## Exercise instructions
Please transcribe every entry below exactly, without including the pictures.

Captioned web image data
##########
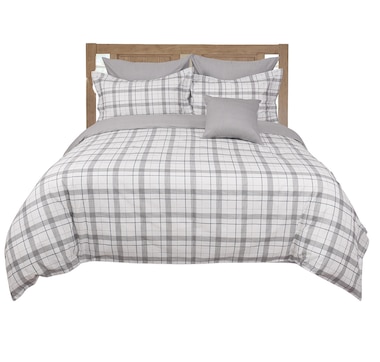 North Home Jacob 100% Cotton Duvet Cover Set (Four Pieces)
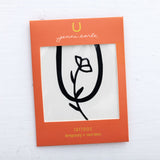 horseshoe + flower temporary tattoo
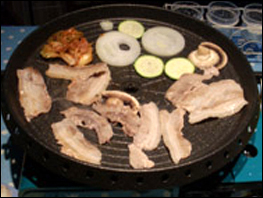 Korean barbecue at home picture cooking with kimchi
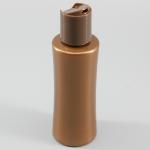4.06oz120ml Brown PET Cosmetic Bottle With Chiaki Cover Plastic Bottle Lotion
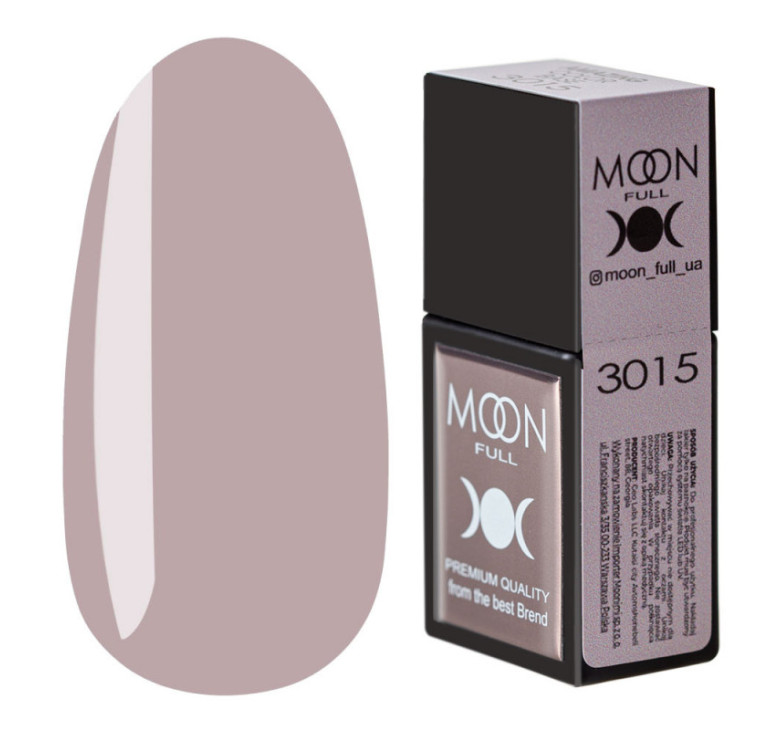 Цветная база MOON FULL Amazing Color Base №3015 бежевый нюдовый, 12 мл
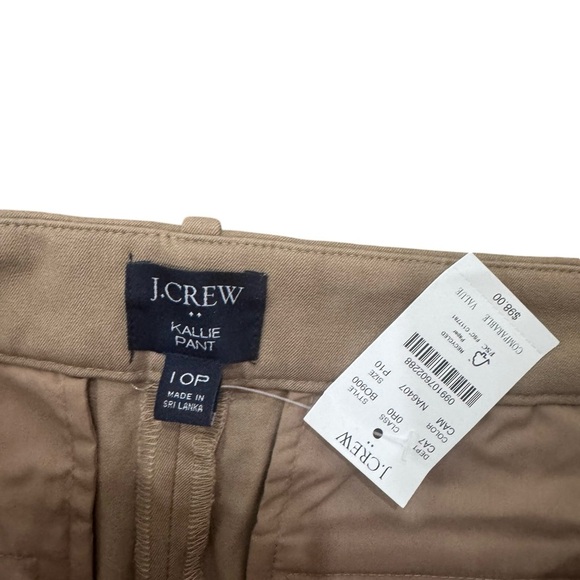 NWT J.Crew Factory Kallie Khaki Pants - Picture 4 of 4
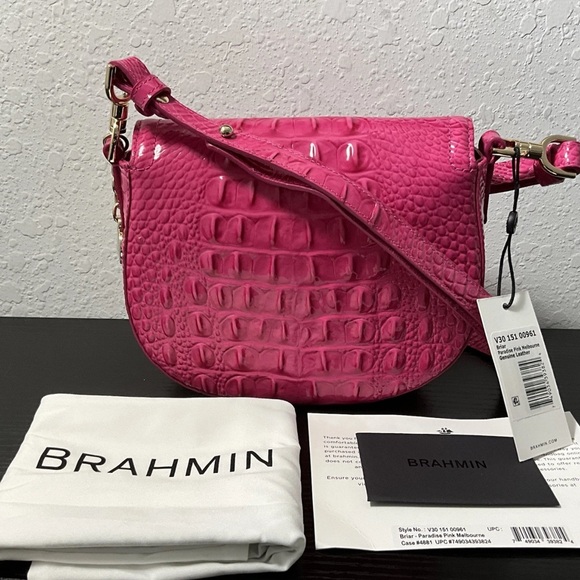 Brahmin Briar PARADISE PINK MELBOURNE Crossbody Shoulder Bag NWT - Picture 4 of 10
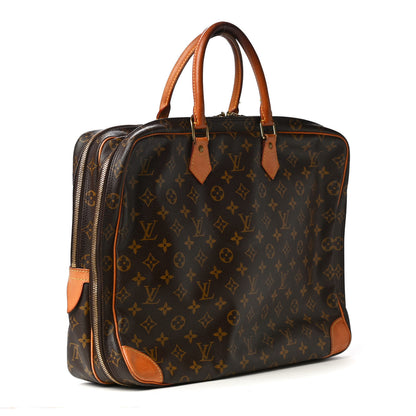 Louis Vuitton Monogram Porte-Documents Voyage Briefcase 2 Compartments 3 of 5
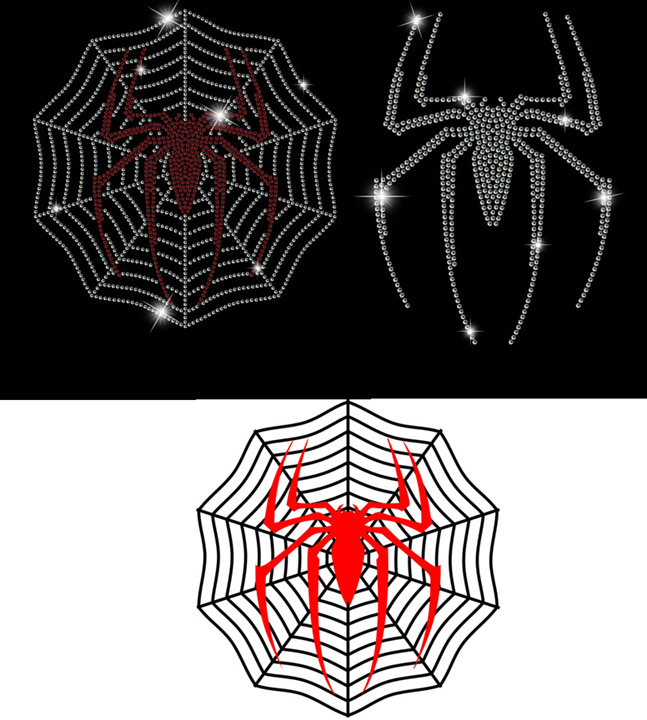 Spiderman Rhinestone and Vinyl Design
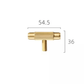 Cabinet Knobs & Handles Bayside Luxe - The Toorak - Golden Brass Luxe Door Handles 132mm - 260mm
##########
## Exercise answer
 North Home Jacob 100% Cotton Duvet Cover Set (Four Pieces)
 horseshoe + flower temporary tattoo
 Korean barbecue at home picture cooking with kimchi
4.06oz120ml Brown PET Cosmetic Bottle With Chiaki Cover Plastic Bottle Lotion
 Цветная база MOON FULL Amazing Color Base №3015 бежевый нюдовый, 12 мл
 NWT J.Crew Factory Kallie Khaki Pants - Picture 4 of 4
 Brahmin Briar PARADISE PINK MELBOURNE Crossbody Shoulder Bag NWT - Picture 4 of 10
 Louis Vuitton Monogram Porte-Documents Voyage Briefcase 2 Compartments 3 of 5
 Spiderman Rhinestone and Vinyl Design
 Cabinet Knobs & Handles Bayside Luxe - The Toorak - Golden Brass Luxe Door Handles 132mm - 260mm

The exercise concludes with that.